Perhaps space wise, however this done in current flash systems. Flash stores a charge in a poly silicon layer, this charge can be any state from ground to VCC. It's possible to use flash to store analog data as a voltage reference. However there are a few problems with this.
First you have to read the state as an analog voltage.
Second you have to buffer this and send it to a flash Analog to Digital convertor.
Third you have to write the state using a poly silicon transistor, this is a fixed current device that has to buffer your reference voltage. Acuracy counts in this case as you use more bits for the reference. This becomes much harder to maintain, especially when you are scaling down to quantum levels as the semi industry is now.

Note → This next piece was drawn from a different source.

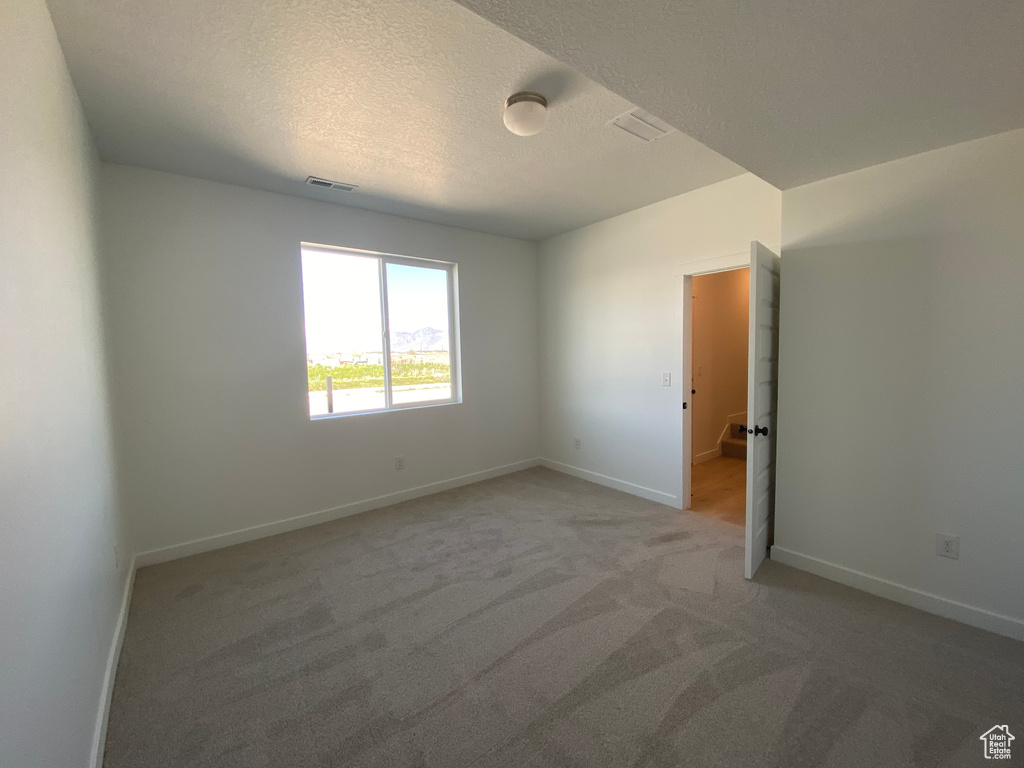 Empty room with light carpet, baseboards, and a textured ceiling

All of these are a bit more expensive hardware wise. CF and SD card media use this technique you will notice they aren't super fast either. The reason is writting the data is difficult as well.

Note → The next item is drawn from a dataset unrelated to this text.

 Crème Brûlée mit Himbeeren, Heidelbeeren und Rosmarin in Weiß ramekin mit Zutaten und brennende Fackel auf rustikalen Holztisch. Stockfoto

The expense of making something FAST enough to read the data is the big problem. High density is high speed, no matter what. It will be difficult to handle. Your read heads may end up 'flying' over the surface at a whole 25mm per second reading data at that density at todays bus speeds.

Cyb
 

BlueFalcon7

New member
yegosimo said:
wow... my entire music collection would probably fit there :p
i wonder how much will it cost...
I was actually thinking of more along the lines of the iTunes music collection would fit on it...
 

Doomulation

?????????????????????????
I would prefer to see these as storage as dvds, and not replacements for HDs. I doubt they'll be as fast as HDs. At least not for now.
 

Doomulation

?????????????????????????
With so much information on such a small area, it would require some very complex technology to read and write that data which ultimately would result in slower speed.
I wouldn't call this DVD either because it's a different technology. Bluray and HD-DVD are technically dvds, but this isn't... but we shall see what speeds they can achieve. This is still in experimental stages.